What is being asked ▸ From the first line of the data through the line containing "When you're done", transcribe each line exactly. Pictures do not belong in the copy.

Recorded information: Begin

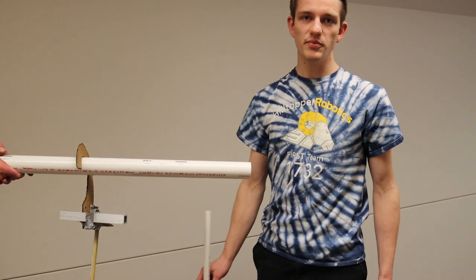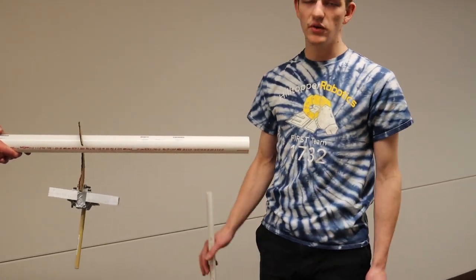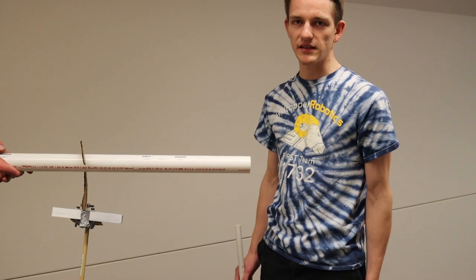The hook will detach from the telescope, and a separate rope attached to a metal bar or the hook will winch our robot up to the height so we get the climb.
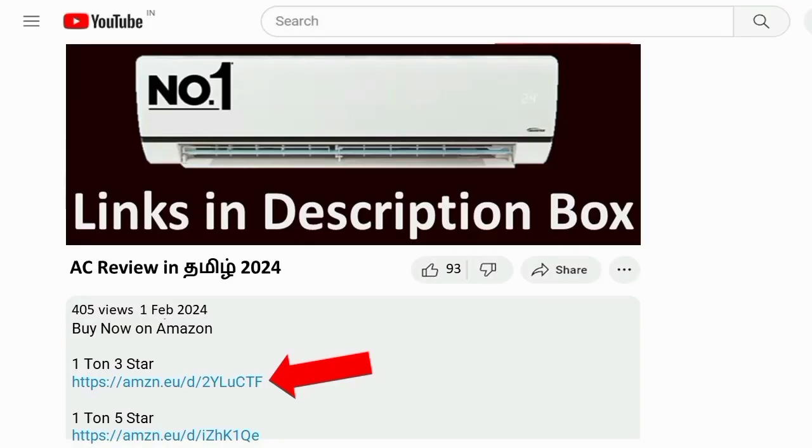We can see all the features here in the AC. Overall, this AC is value for money — it is a great product. We can see the AC link in the description box. Thanks for watching.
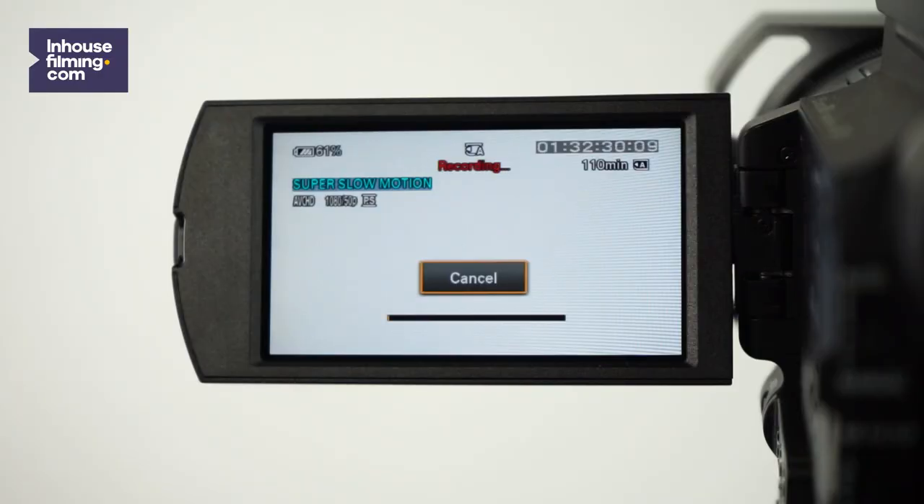When you're done filming in slow-mo, press the S&Q button again and you're right back to normal. There are a few things you need to keep in mind when you're shooting in slow motion mode. First of all, the camera can only record up to 10 seconds in slow motion mode, so time your shots well.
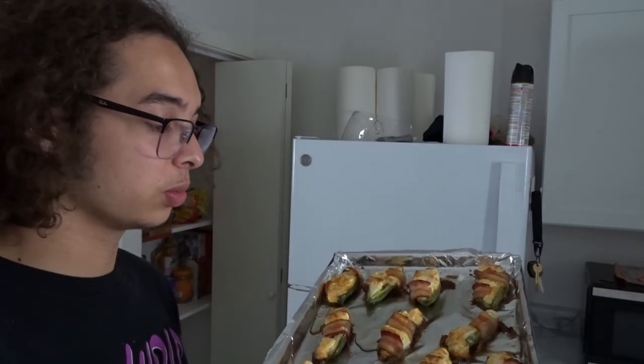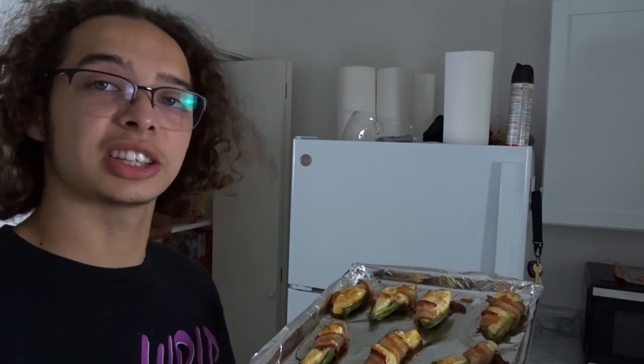Here is the final result, and man, do these look delicious. It came out absolutely perfect. I would 100% recommend bringing them to the family function or the cookout if you're invited, but be careful because once you bring them, they're going to keep on requesting them. But that is it for today's video, guys. Thank you so much for tuning into my cooking today, learning to cook with me. I will catch you in the next video. Peace.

Recorded information: End

Task output ▸
The hook will detach from the telescope, and a separate rope attached to a metal bar or the hook will winch our robot up to the height so we get the climb.
We can see all the features here in the AC. Overall, this AC is value for money — it is a great product. We can see the AC link in the description box. Thanks for watching.
When you're done filming in slow-mo, press the S&Q button again and you're right back to normal. There are a few things you need to keep in mind when you're shooting in slow motion mode. First of all, the camera can only record up to 10 seconds in slow motion mode, so time your shots well.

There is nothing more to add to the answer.